## Work to be completed
Leave the pictures out, and transcribe the material below exactly from the line with "Distant aerial view" to the line with "a red chair sitting on a rug in a room", both lines included.

## Records supplied
"""

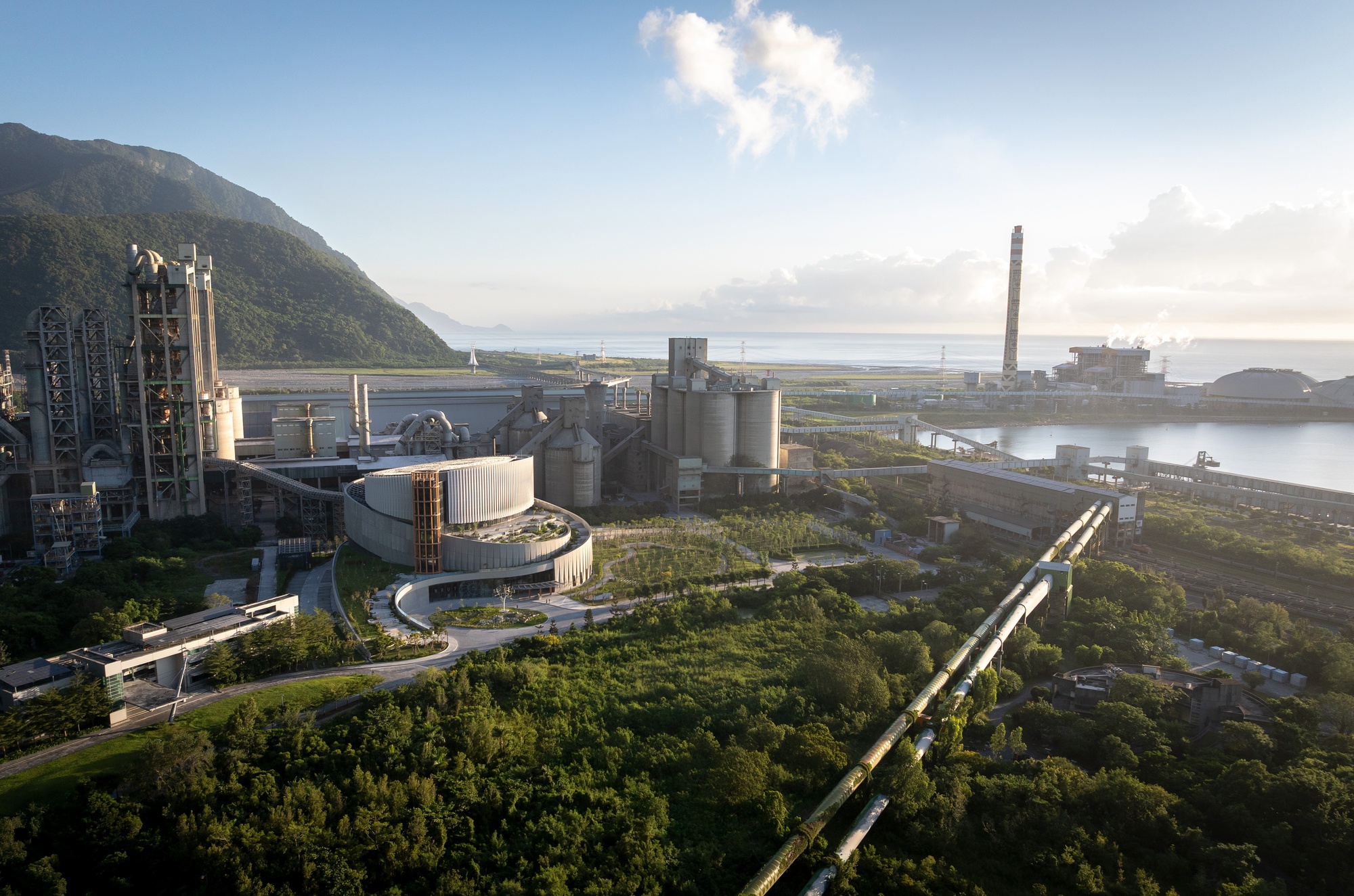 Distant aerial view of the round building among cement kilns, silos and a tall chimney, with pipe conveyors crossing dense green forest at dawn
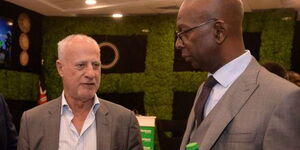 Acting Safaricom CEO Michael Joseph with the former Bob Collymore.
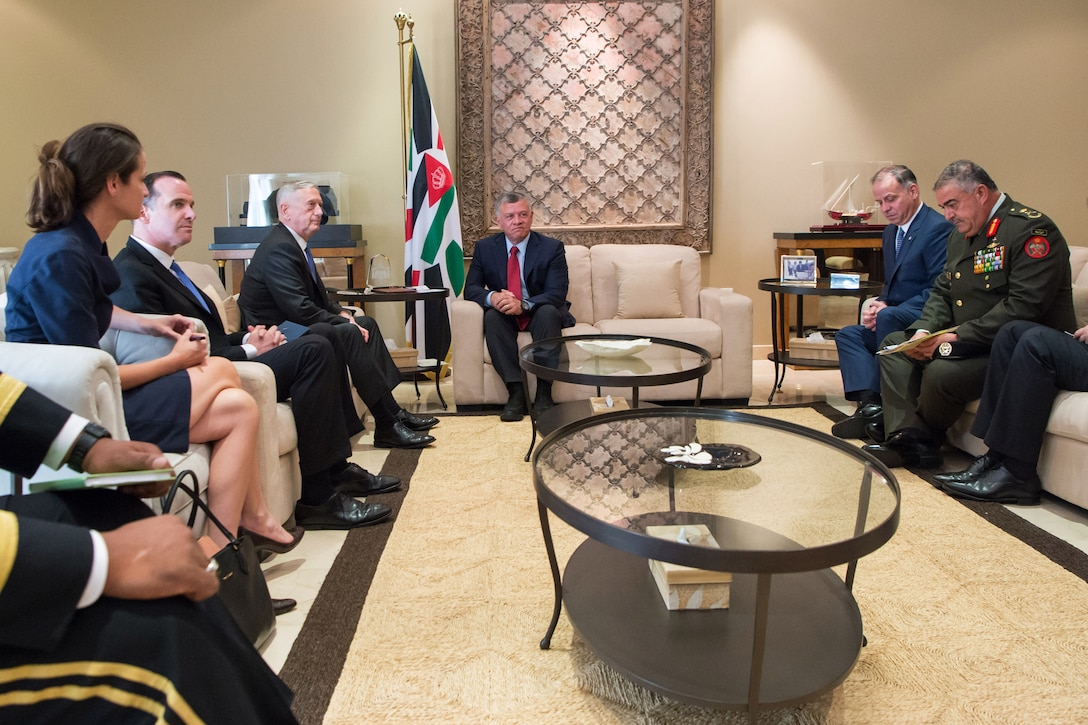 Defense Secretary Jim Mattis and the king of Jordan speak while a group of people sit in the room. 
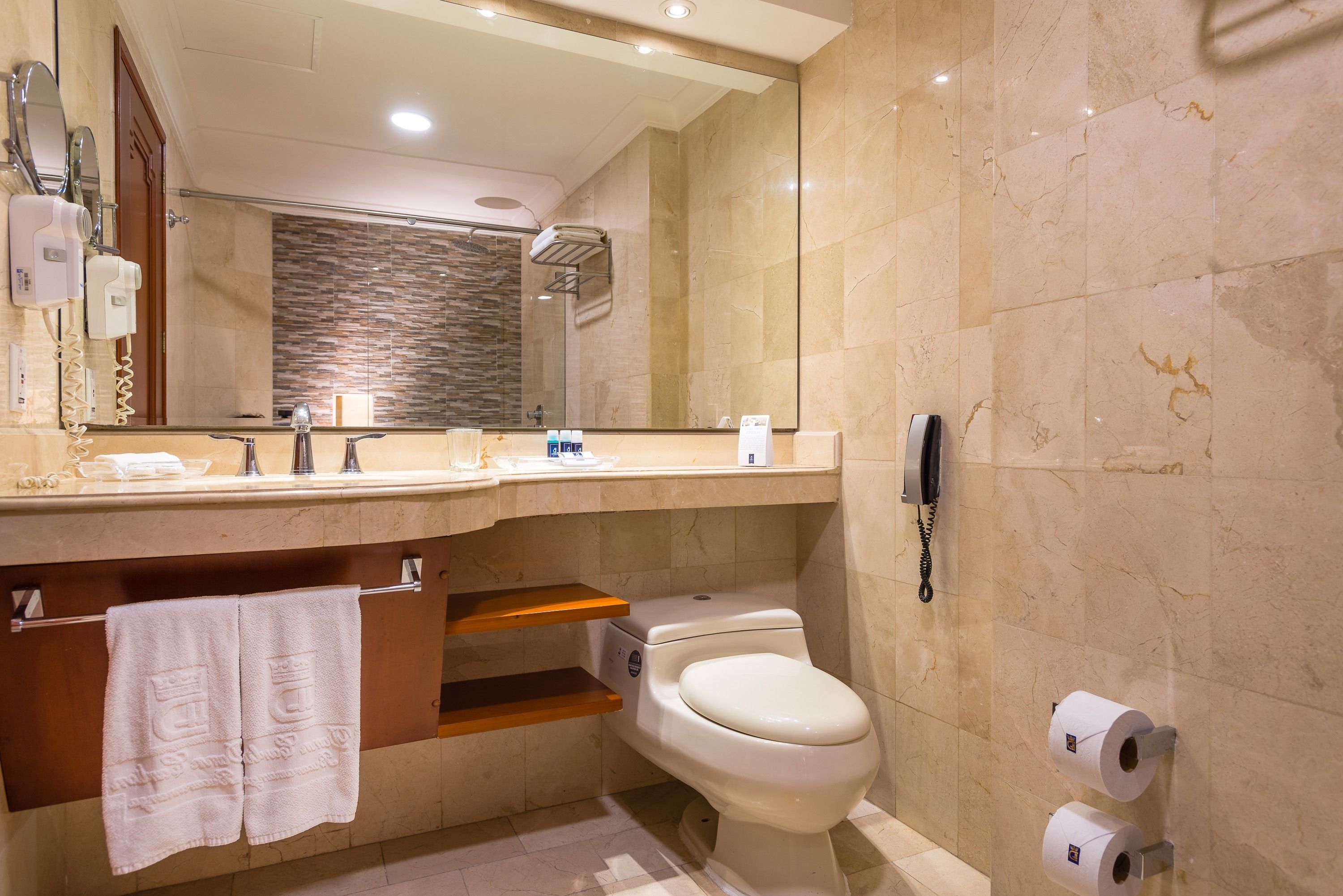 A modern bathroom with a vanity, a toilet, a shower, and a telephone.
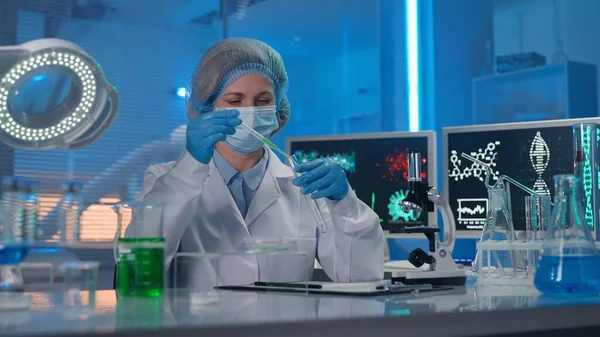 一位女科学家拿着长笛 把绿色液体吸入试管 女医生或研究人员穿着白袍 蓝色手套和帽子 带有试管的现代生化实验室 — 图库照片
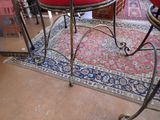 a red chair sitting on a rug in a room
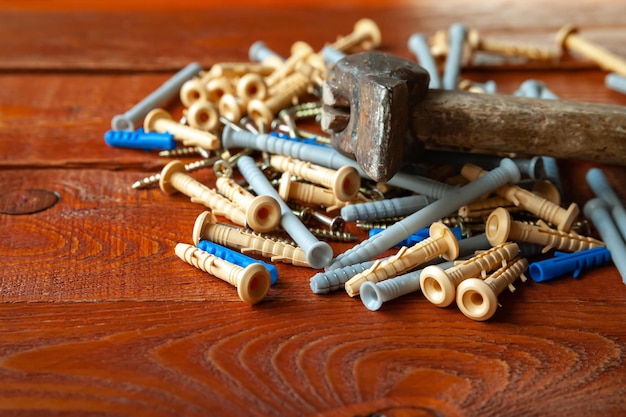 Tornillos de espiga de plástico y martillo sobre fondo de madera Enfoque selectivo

"""
"""

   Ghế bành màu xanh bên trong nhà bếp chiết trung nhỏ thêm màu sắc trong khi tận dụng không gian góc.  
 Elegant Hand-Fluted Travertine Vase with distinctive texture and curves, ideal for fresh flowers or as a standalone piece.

"""

## Solution to the problem
 Distant aerial view of the round building among cement kilns, silos and a tall chimney, with pipe conveyors crossing dense green forest at dawn
 Acting Safaricom CEO Michael Joseph with the former Bob Collymore.
 Defense Secretary Jim Mattis and the king of Jordan speak while a group of people sit in the room. 
 A modern bathroom with a vanity, a toilet, a shower, and a telephone.
 一位女科学家拿着长笛 把绿色液体吸入试管 女医生或研究人员穿着白袍 蓝色手套和帽子 带有试管的现代生化实验室 — 图库照片
 a red chair sitting on a rug in a room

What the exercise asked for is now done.